IHRAM.CO.ID, JAKARTA--Ibadah haji merupakan rukun Islam ke lima yang tak semua orang bisa menjalankannya. Meski rukun, Allah hanya mewajibkan ibadah haji ini bagi yang mampu (sehat) secara fisik, mental dan ekonomi.
Ketua Umum AMPHURI (Asosiasi Muslim Penyelenggara Haji dan Umrah Republik Indonesia) Firman N Nur berpendapat, haji adalah ibadah paripurna seorang muslim. Ibadah ini kata dia dapat diibaratkan sebagai puncak ujian yang menggabungkan semua materi ujian, meski memang tidak memengaruhi kelulusan seseorang.
"Ibadah haji menggabungkan ujian fisik, mental, dan finansial sekaligus dalam satu waktu tertentu," katanya saat menyampaikan tausiyah daringya tentang ibadah haji, Selasa (4/5)
Firman mengatakan, seorang muslim akan menunaikannya sekitar 5-6 hari, dimulai dari hari Tarwiyah di tanggal 8 Dzulhijjah lalu 9 Dzulhijjah di Arafah dan berakhir di Mina atau Mekkah tanggal 13 Dzulhijjah. Seperti kita ketahui, haji diposisikan di bagian akhir dari rukun Islam.
"Jika syahadat adalah ikrar diri di awal seseorang menganut Islam, maka layaknya sebagai sebuah pengakuan," katanya.
Kemudian berikutnya adalah sholat sebagai bentuk disiplin menjaga komitmen dan konsistensi seorang muslim. Lalu rukun selanjutnya puasa yang diibaratkan sebagai ujian fisik dan mental seorang muslim dalam menjalani hidup.

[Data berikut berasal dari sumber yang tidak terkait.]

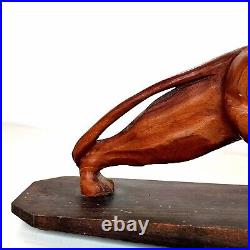 Magnifique Sculpture Animalière Tigre En Bois Sculpté Sur Socle Art Déco 50cm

Berikutnya zakat yang diibaratkan sebagai bentuk dukungan finansial untuk menyeimbangkan kehidupan dengan mensejahterakan umat lewat harta yang dimiliki seorang muslim. Barulah setelah itu seorang muslim menunaikan rukun Islam yang terakhir yakni haji.
"Oleh sebab itulah, kenapa ibadah haji menjadi rukun terakhir karena benar-benar menjadi ujian paripurna bagi umat Islam," katanya.
Firman mengatakan, dalam pelaksanaanya, haji ada di penghujung tahun hijriyah. Tentu, ini menandakan bahwa setelah berhaji seyogyanya manusia berhijrah memperbaiki segala kekurangannya dan meningkatkan taraf hidupnya termasuk ibadahnya.
Artinya kata Firman, ibadah haji merupakan kebutuhan pribadi sebagai muslim paripurna dalam menunaikan rukun Islam dengan syarat wajib berupa istatha’a. Dan tentunya, setiap pribadi yang satu dengan yang lainnya memiliki kadar istatha’a masing-masing.